Хочу едко ответить ему, что того момента, когда я поддамся на его уловки, ждать придётся довольно долго, но на нас внезапно падает луч света. Я проглатываю слова, задерживая удивлённый взгляд на высокой худощавой фигуре, показавшейся в проёме распахнувшихся дверей.

— Мистер Нолан, рад приветствовать вас в Нолан-хаус, — резкий ирландский акцент режет мои уши, как и сухой мужской голос.

— Фамбет, не надоело совать свой длинный нос в чужие дела? — высокомерно фыркает Слэйн, и мы останавливаемся на самом верху лестницы. Я быстро оглядываю мужчину. Он похож на сухого, старого ястреба, готового выклевать мне глаза, потому что ему явно не нравится то, что он видит.

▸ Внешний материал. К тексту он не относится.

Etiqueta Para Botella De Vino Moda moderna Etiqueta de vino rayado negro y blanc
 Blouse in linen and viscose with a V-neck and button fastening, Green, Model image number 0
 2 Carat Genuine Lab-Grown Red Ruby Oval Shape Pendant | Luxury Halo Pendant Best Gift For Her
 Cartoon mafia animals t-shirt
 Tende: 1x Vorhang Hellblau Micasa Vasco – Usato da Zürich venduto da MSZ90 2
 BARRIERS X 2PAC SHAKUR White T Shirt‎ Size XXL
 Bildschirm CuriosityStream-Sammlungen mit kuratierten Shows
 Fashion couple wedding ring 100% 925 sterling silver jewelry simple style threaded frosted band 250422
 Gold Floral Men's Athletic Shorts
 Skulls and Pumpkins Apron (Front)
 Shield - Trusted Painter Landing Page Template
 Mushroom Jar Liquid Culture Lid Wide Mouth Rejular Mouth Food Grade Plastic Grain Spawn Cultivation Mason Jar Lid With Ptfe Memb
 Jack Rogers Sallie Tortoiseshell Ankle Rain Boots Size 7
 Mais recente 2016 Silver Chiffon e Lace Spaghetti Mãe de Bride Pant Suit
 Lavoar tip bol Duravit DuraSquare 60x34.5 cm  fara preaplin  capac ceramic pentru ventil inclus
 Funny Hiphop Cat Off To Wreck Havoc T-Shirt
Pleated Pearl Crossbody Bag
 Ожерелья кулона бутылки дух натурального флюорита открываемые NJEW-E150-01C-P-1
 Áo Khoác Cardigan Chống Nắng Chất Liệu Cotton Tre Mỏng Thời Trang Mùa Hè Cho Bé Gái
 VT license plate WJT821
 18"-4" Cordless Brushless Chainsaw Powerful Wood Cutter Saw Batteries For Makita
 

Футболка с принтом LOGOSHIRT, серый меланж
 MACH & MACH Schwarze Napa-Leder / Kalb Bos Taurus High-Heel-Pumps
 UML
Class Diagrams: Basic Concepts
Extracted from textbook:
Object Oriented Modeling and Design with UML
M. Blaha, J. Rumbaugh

— Вы не предупредили, что придёте не один, сэр, — произносит мужчина, пропуская нас в замок.

Слэйн бросает ледяной взгляд на мужчину, но это на моей памяти первый человек, который не поддаётся магии ужасных глаз Слэйна. Привратник, или как его там, стойко сносит требование провалиться сквозь землю, и это восхищает. Дворецкий. Точно, старый дворецкий, доверенный человек, которому можно рассказать все тайны.

— Все уже ожидают вас в алой гостиной, сэр. Я провожу. Следуйте за мной. — Мужчина указывает рукой на проём справа. Оглядываю помещение, описать которое сложно. Всё это больше похоже на какой-то исторический музей. Повсюду стоят фигуры в металлических доспехах, на стенах висят какие-то флаги, везде расставлены старинные золотые чаши, канделябры и люстры. На полу красные ковры, вычищенные и без единой пылинки, на окнах тёмные портьеры, стены обиты бархатом. Господи, здесь так жутко.